Interaction Terms in Python
Vanilla OLS
Say we’ve got a dataset
from warnings import filterwarnings
filterwarnings('ignore')
from yellowbrick.datasets import load_bikeshare
X, y = load_bikeshare()
Where we measure the number of DC-area bikes rented
y.head()
0 16
1 40
2 32
3 13
4 1
Name: riders, dtype: int64
Based on a number of features
X.head()
season | year | month | hour | holiday | weekday | workingday | weather | temp | feelslike | humidity | windspeed | |
---|---|---|---|---|---|---|---|---|---|---|---|---|
0 | 1 | 0 | 1 | 0 | 0 | 6 | 0 | 1 | 0.24 | 0.2879 | 0.81 | 0.0 |
1 | 1 | 0 | 1 | 1 | 0 | 6 | 0 | 1 | 0.22 | 0.2727 | 0.80 | 0.0 |
2 | 1 | 0 | 1 | 2 | 0 | 6 | 0 | 1 | 0.22 | 0.2727 | 0.80 | 0.0 |
3 | 1 | 0 | 1 | 3 | 0 | 6 | 0 | 1 | 0.24 | 0.2879 | 0.75 | 0.0 |
4 | 1 | 0 | 1 | 4 | 0 | 6 | 0 | 1 | 0.24 | 0.2879 | 0.75 | 0.0 |
And just shoving everything into a Logistic Regression seems to work… alright
from statsmodels.api import OLS
import statsmodels.api as sm
X_const = sm.add_constant(X)
model = OLS(y, X_const).fit()
model.summary()
Dep. Variable: | riders | R-squared: | 0.389 |
---|---|---|---|
Model: | OLS | Adj. R-squared: | 0.388 |
Method: | Least Squares | F-statistic: | 920.8 |
Date: | Thu, 12 Sep 2019 | Prob (F-statistic): | 0.00 |
Time: | 12:39:26 | Log-Likelihood: | -1.1076e+05 |
No. Observations: | 17379 | AIC: | 2.216e+05 |
Df Residuals: | 17366 | BIC: | 2.217e+05 |
Df Model: | 12 | ||
Covariance Type: | nonrobust |
coef | std err | t | P>|t| | [0.025 | 0.975] | |
---|---|---|---|---|---|---|
const | -25.7573 | 7.057 | -3.650 | 0.000 | -39.590 | -11.925 |
season | 19.8993 | 1.819 | 10.941 | 0.000 | 16.334 | 23.464 |
year | 81.0872 | 2.164 | 37.463 | 0.000 | 76.845 | 85.330 |
month | -0.0086 | 0.567 | -0.015 | 0.988 | -1.120 | 1.103 |
hour | 7.6706 | 0.165 | 46.513 | 0.000 | 7.347 | 7.994 |
holiday | -21.8792 | 6.694 | -3.268 | 0.001 | -35.001 | -8.758 |
weekday | 1.8784 | 0.541 | 3.474 | 0.001 | 0.819 | 2.938 |
workingday | 3.9392 | 2.396 | 1.644 | 0.100 | -0.756 | 8.635 |
weather | -3.4321 | 1.905 | -1.802 | 0.072 | -7.165 | 0.301 |
temp | 78.1498 | 36.957 | 2.115 | 0.034 | 5.710 | 150.590 |
feelslike | 233.1571 | 41.517 | 5.616 | 0.000 | 151.779 | 314.535 |
humidity | -198.1847 | 6.889 | -28.770 | 0.000 | -211.687 | -184.682 |
windspeed | 41.5652 | 9.628 | 4.317 | 0.000 | 22.692 | 60.438 |
Omnibus: | 3417.855 | Durbin-Watson: | 0.553 |
---|---|---|---|
Prob(Omnibus): | 0.000 | Jarque-Bera (JB): | 6659.872 |
Skew: | 1.198 | Prob(JB): | 0.00 |
Kurtosis: | 4.859 | Cond. No. | 787. |
Warnings:
[1] Standard Errors assume that the covariance matrix of the errors is correctly specified.

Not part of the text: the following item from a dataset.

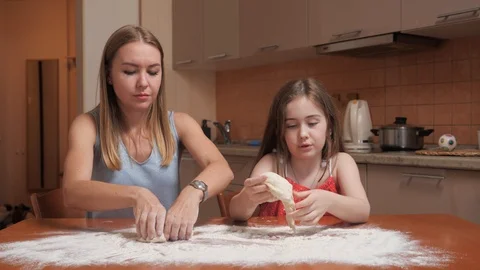 Child examines dough Stock Footage 107046572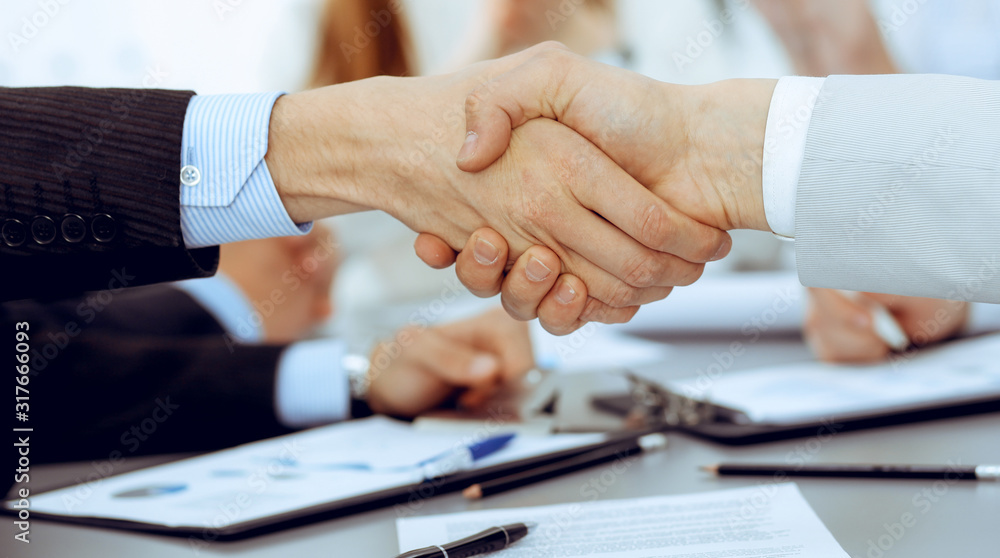Business people shaking hands at meeting while theirs colleagues clapping and applauding. Group of unknown businessmen and women in modern white office. Success teamwork, partnership and handshake Business people shaking hands at meeting while theirs colleagues clapping and applauding. Group of unknown businessmen and women in modern white office. Success teamwork, partnership and handshake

But at the same time, have good reason to believe that there’s some colinearity/interaction at play with our features.
from yellowbrick.features import Rank2D
visualizer = Rank2D(algorithm='pearson', size=(600, 500))
visualizer.fit_transform(X)
visualizer.poof();
C:\Users\Nick\Anaconda3\lib\site-packages\yellowbrick\features\rankd.py:215: YellowbrickWarning: RankD plots may be clipped when using matplotlib v3.1.1, upgrade to matplotlib v3.1.2 or later to fix the plots.
warnings.warn(msg, YellowbrickWarning)
Interaction Terms
From here, a good data scientist will take the time to do exploratory analysis and thoughtful feature engineering– this is the “More Art than Science” adage you hear so often.
But we’re trying to be home by 5, so how do we cram everything in and see what shakes out?
Getting Values
Thankfully, the PolynomialFeatures
object in sklearn
has us mostly-covered.
It’s originally used to generate sequences of (b_i1 * x_i) + (b_i2 * x_i^2) + ...
for each feature in X
, taking us from n
features to 2^n
features (in the case of PolynomialFeatures(degree=2)
, anyhow).
We’re not interested in polynomials, per se, but if you squint, the same itertools
magic™ that powers the backend of this can also be used to provide all pairwise feature combinations, with minimal rewriting. They provide this, ez pz, with the interaction_only
flag.
And so we go from
X.shape
(17379, 12)
To an expected $\frac{p * (p - 1)}{2}$ pairs, plus our original p
features, plus a bias term
p = len(X.columns)
(p * (p-1)) / 2 + p + 1
79.0
Coolio
from sklearn.preprocessing import PolynomialFeatures
interaction = PolynomialFeatures(degree=2, interaction_only=True, include_bias=False)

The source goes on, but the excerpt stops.